We worship at the cradle in Bethlehem, but we also worship Jesus all year round, remembering not only his birth, but his teachings, his ministry, the Passion, the Resurrection, the Ascension and the coming of the Holy Spirit. And we worship, not only as an abstract “Thing” – what was that song:
“I will celebrate Nativity, for it has a place in history....” – it’s not just about worshipping a distant divinity, but about God with us. Emmanuel.
And that brings us full circle, for whether we are celebrating once again the birth of Jesus in Bethlehem, or whether we are looking towards the end times, as we traditionally do today, what matters is God with us. Emmanuel. Jesus said “When these things begin to happen, stand up and raise your heads, because your salvation is near.” We know that we will be saved, we have been saved, we are being saved – it's not a concept I can actually put into words, as it's not just about eternal life but about so much more than that. But “our salvation is near”. Dreadful things may or may not be going to happen – and they probably are going to happen, because Life is Like That – but God is still with us.
Talking about the end of the world like that is called “apocalyptic speech”, and very often, when people talked apocalyptically, they were addressing a local situation just as much as the end times. The prophets certainly were; they had no idea we would still be reading their words today. When Jeremiah said, as in our first reading, “The people of Judah and of Jerusalem will be rescued and will live in safety,” he was thinking of a fairly immediate happening – and, indeed, we know that the tribes of Judah did return after exile and live in Jerusalem again. But his words apply to the end times, too.

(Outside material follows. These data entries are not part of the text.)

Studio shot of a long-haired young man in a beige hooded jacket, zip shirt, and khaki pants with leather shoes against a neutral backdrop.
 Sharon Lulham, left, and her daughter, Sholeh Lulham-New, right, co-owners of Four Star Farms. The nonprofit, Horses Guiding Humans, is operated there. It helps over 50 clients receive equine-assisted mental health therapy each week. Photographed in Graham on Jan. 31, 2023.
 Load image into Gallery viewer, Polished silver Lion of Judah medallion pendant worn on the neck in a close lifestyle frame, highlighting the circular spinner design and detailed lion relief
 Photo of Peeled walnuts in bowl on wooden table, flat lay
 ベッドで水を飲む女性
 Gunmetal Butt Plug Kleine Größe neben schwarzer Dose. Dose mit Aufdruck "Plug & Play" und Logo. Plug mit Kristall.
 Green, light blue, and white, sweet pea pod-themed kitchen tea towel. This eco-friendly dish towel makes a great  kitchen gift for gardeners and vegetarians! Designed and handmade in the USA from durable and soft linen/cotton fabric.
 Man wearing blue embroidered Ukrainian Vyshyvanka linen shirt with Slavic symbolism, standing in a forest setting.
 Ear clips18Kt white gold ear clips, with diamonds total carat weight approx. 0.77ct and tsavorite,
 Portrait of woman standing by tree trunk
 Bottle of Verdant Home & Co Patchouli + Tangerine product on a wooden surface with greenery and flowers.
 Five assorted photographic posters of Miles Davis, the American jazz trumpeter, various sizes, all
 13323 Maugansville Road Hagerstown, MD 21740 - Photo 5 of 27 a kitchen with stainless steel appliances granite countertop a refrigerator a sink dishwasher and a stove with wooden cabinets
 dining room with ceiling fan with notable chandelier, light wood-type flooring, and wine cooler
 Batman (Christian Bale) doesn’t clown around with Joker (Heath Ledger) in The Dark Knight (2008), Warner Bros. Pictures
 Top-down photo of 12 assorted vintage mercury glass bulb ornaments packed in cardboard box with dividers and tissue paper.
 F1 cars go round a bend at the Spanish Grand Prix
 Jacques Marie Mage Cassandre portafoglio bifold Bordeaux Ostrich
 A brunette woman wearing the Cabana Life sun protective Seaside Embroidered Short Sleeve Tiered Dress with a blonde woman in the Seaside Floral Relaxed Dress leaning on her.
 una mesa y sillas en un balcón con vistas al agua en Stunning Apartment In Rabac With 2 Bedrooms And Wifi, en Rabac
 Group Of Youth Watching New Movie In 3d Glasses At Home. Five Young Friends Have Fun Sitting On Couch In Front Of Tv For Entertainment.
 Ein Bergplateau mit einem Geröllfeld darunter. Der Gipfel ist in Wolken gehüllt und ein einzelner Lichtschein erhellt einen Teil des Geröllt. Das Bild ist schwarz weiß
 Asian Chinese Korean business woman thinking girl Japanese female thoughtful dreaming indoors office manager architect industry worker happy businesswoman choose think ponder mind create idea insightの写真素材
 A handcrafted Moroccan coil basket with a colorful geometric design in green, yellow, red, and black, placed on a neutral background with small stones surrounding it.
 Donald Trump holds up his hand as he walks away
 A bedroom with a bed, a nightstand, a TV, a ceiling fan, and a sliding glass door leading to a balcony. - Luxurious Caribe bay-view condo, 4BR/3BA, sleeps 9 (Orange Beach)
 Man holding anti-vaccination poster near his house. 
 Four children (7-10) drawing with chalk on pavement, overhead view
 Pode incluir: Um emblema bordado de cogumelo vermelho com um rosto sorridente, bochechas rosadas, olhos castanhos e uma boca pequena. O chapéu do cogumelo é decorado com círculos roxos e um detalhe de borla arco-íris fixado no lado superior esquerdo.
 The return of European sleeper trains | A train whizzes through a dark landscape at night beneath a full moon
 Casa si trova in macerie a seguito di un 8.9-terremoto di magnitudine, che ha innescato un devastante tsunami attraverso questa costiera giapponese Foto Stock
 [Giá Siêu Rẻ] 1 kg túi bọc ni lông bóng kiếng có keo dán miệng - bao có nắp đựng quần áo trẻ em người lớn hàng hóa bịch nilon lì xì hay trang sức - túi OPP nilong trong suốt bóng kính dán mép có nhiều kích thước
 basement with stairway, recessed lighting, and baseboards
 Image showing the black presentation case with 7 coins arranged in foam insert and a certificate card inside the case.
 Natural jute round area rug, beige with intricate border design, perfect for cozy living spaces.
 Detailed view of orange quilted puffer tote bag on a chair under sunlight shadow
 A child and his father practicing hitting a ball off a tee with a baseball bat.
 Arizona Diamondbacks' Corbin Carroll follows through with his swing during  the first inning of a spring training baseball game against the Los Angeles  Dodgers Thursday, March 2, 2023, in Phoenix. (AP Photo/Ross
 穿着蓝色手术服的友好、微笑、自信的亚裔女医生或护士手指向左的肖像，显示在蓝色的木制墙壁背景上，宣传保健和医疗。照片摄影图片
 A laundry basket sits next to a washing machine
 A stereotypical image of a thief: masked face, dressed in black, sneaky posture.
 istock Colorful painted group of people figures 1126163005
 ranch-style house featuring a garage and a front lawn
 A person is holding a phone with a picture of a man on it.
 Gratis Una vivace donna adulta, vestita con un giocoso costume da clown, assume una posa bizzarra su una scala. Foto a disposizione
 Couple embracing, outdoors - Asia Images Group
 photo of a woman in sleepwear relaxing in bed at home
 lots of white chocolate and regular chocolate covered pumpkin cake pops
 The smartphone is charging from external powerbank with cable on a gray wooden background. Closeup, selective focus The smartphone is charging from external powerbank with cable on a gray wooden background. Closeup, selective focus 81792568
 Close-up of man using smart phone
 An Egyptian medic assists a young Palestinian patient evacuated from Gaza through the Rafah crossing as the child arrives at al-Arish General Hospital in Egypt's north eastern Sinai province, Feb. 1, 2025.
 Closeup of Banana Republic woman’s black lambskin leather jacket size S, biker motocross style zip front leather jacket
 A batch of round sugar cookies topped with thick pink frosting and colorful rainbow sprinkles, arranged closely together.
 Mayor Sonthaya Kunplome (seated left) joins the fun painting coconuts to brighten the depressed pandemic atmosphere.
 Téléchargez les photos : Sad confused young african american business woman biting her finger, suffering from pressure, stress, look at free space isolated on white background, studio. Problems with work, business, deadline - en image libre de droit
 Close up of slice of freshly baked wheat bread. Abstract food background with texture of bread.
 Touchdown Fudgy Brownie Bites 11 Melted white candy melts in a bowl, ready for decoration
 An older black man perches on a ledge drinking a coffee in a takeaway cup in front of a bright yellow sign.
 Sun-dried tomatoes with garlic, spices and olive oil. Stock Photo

And the same with Jesus, I think. Much of the disasters he spoke of will have happened within a few years of his death – the destruction of the Temple in Jerusalem, for one thing. Don't forget that he was in an occupied country at the time. And all down the centuries there have been plagues and wars and floods and famines and earthquakes and tsunamis and comets and things; every age, I think, has applied Jesus' words to itself.
So we are living in the end times no more and no less than any other age has been. And in our troubled world, we hold on to the one certainty we have: God with us. Emmanuel. Amen.